• _Required action_: When you copy the records, keep every word exact and leave the pictures out.

Records from a data collection
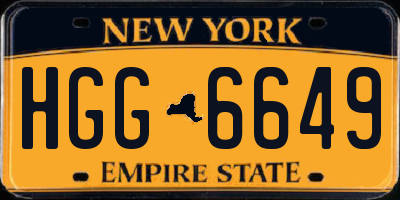 NY license plate HGG6649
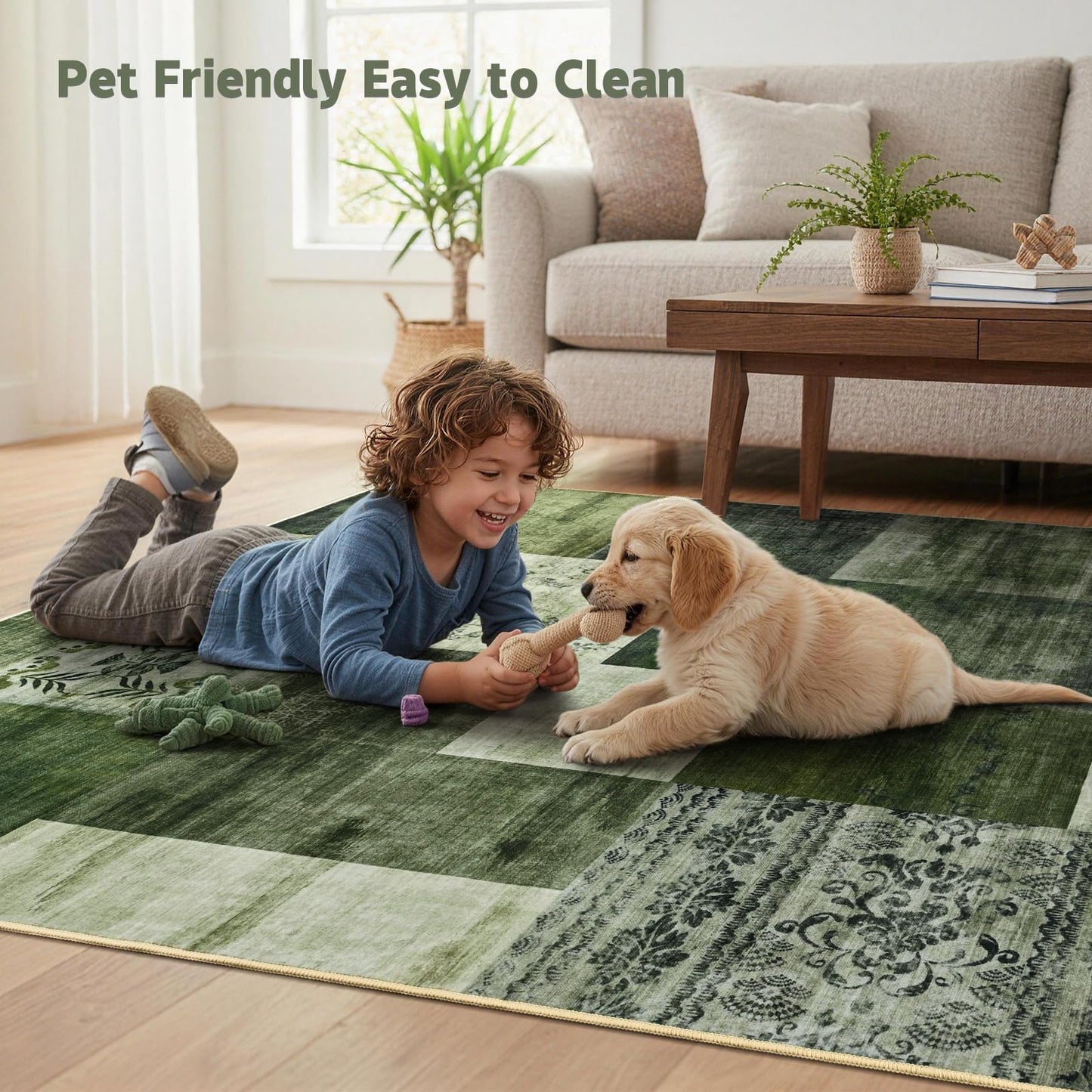 DweIke Washable Area Rugs 4x6 for Living Room, Modern Geometric Green Soft Patchwork Carpet, Non-Slip Stain Resistant Throw Rug for Bedroom Dining Room Office Home Decor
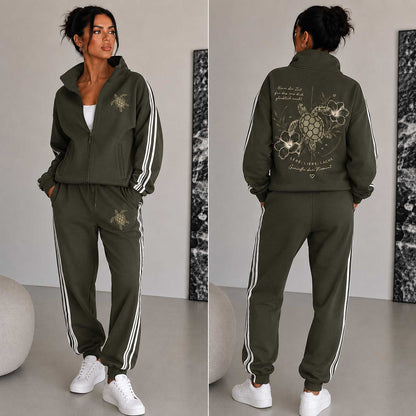 Statement Jogginganzug Schildkröte Nimm dir Zeit... Frontprint & Backprint | Unisex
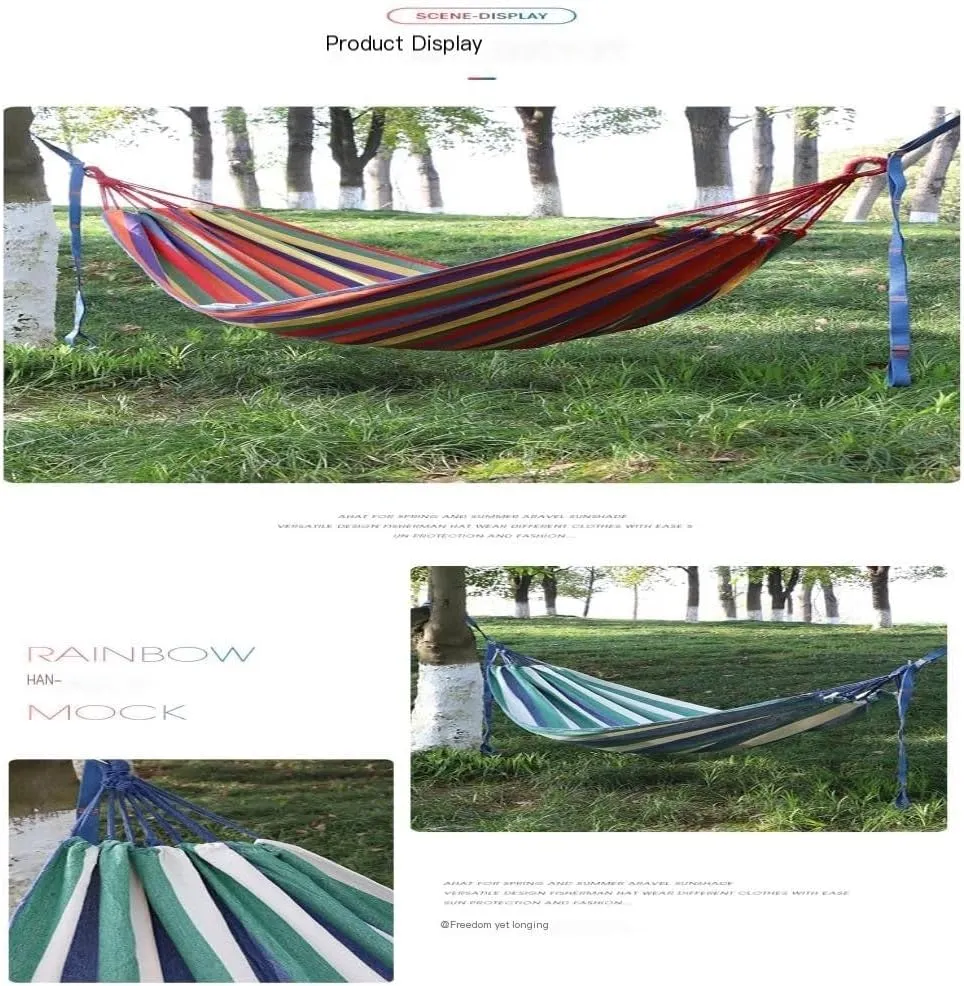 Hamock Thickened Cotton Canvas Camping Hammock Sheets Double Hammock Outdoor Camping Swing Dormitory Hanging Chair Hanmock(A)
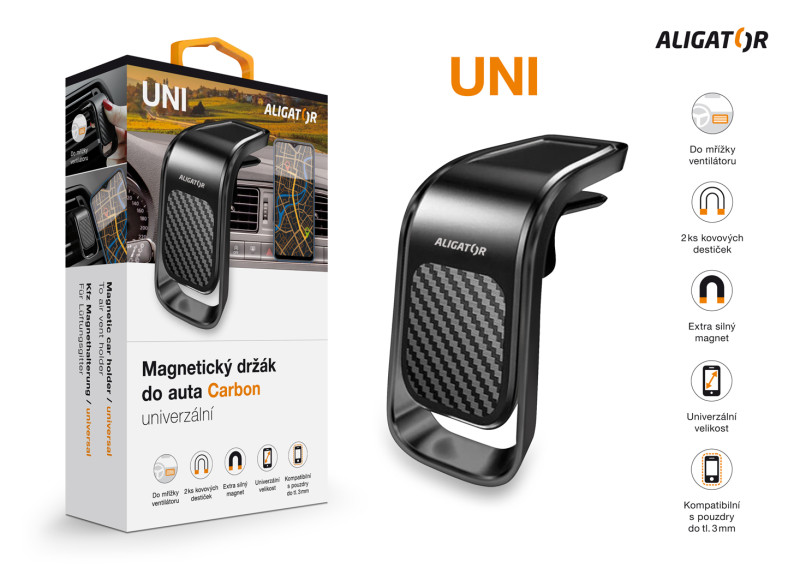 Magnetický držák do auta HA15 Aligator Carbon, univerzální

• _Response_:
 NY license plate HGG6649
 DweIke Washable Area Rugs 4x6 for Living Room, Modern Geometric Green Soft Patchwork Carpet, Non-Slip Stain Resistant Throw Rug for Bedroom Dining Room Office Home Decor
 Statement Jogginganzug Schildkröte Nimm dir Zeit... Frontprint & Backprint | Unisex
 Hamock Thickened Cotton Canvas Camping Hammock Sheets Double Hammock Outdoor Camping Swing Dormitory Hanging Chair Hanmock(A)
 Magnetický držák do auta HA15 Aligator Carbon, univerzální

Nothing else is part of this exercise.